- Records supplied -
============================================================

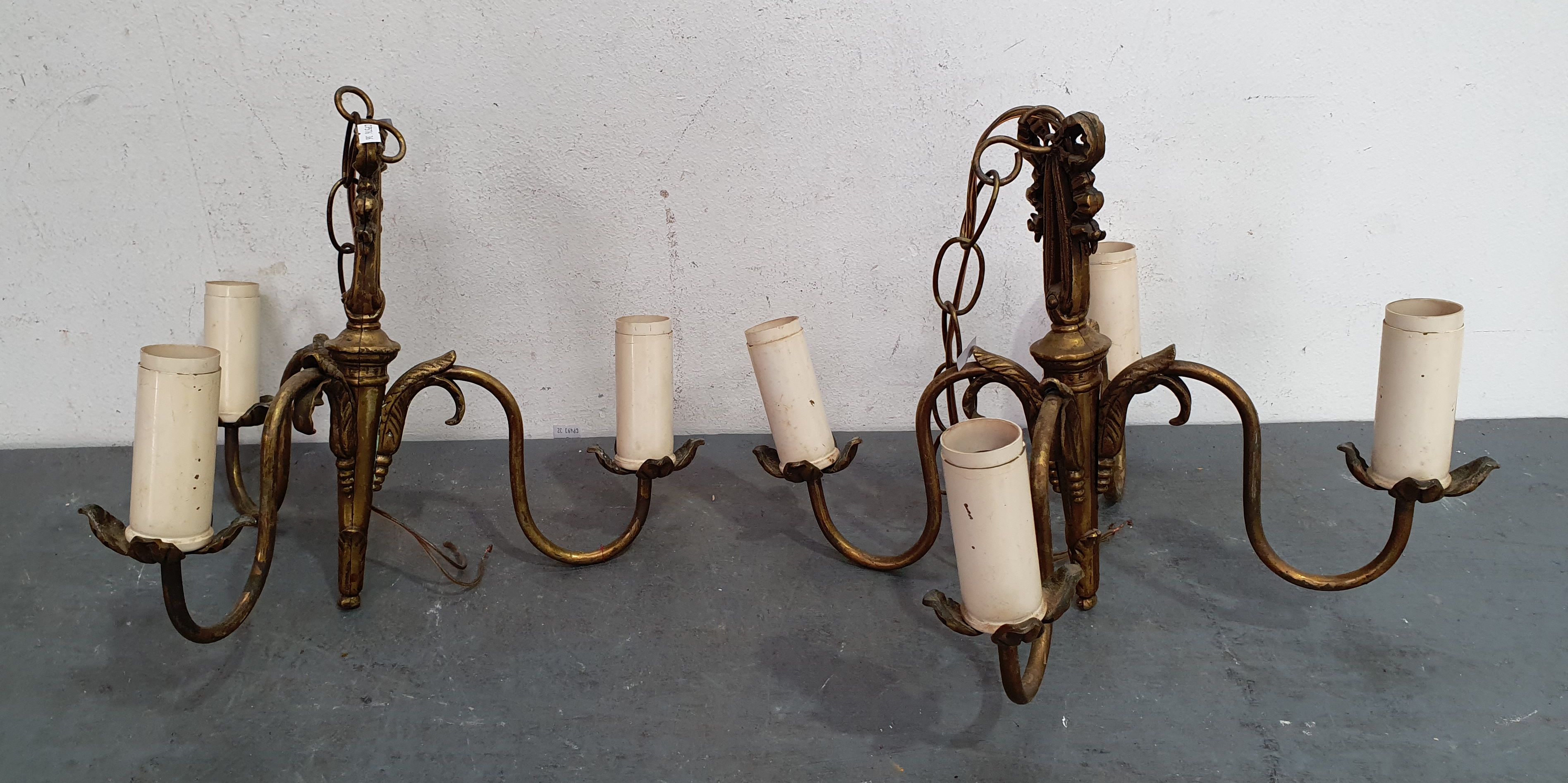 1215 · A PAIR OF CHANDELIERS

============================================================

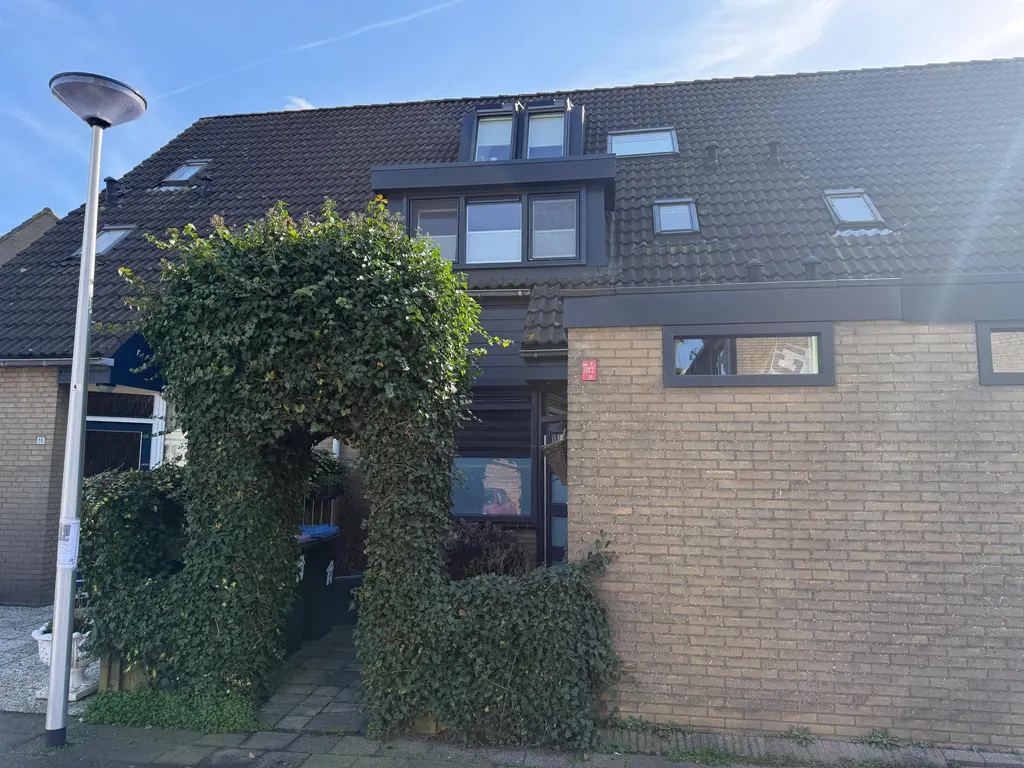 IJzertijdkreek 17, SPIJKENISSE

============================================================

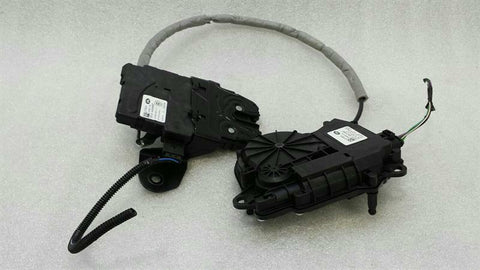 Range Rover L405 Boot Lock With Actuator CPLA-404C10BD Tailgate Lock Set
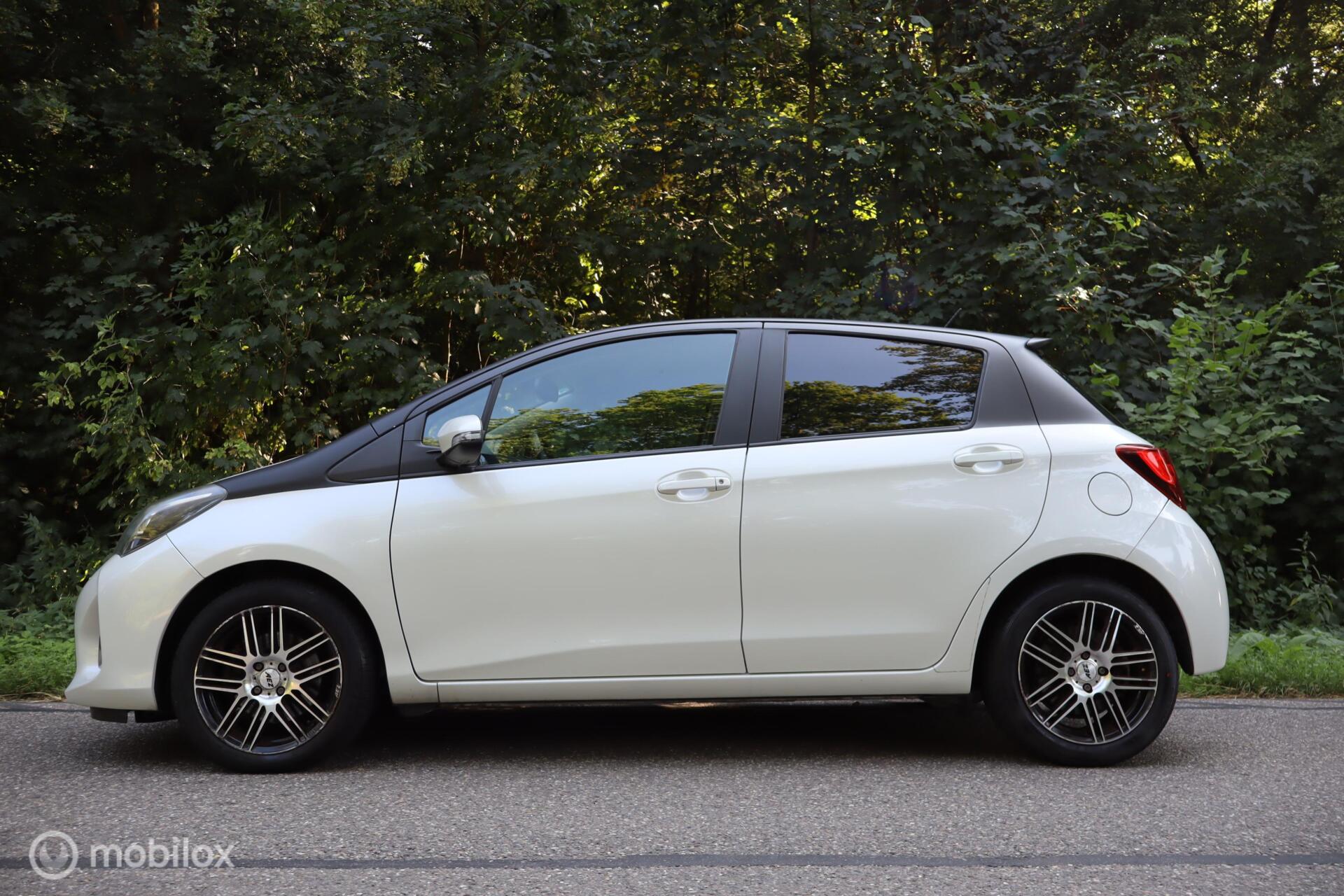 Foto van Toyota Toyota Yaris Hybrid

============================================================

- Directions -
Nothing but the lines above from the line with "Range Rover L405" up to and including the line with "Foto van Toyota Toyota Yaris Hybrid" should be returned, exactly as written and without pictures.

- Reply to the exercise -
 Range Rover L405 Boot Lock With Actuator CPLA-404C10BD Tailgate Lock Set
 Foto van Toyota Toyota Yaris Hybrid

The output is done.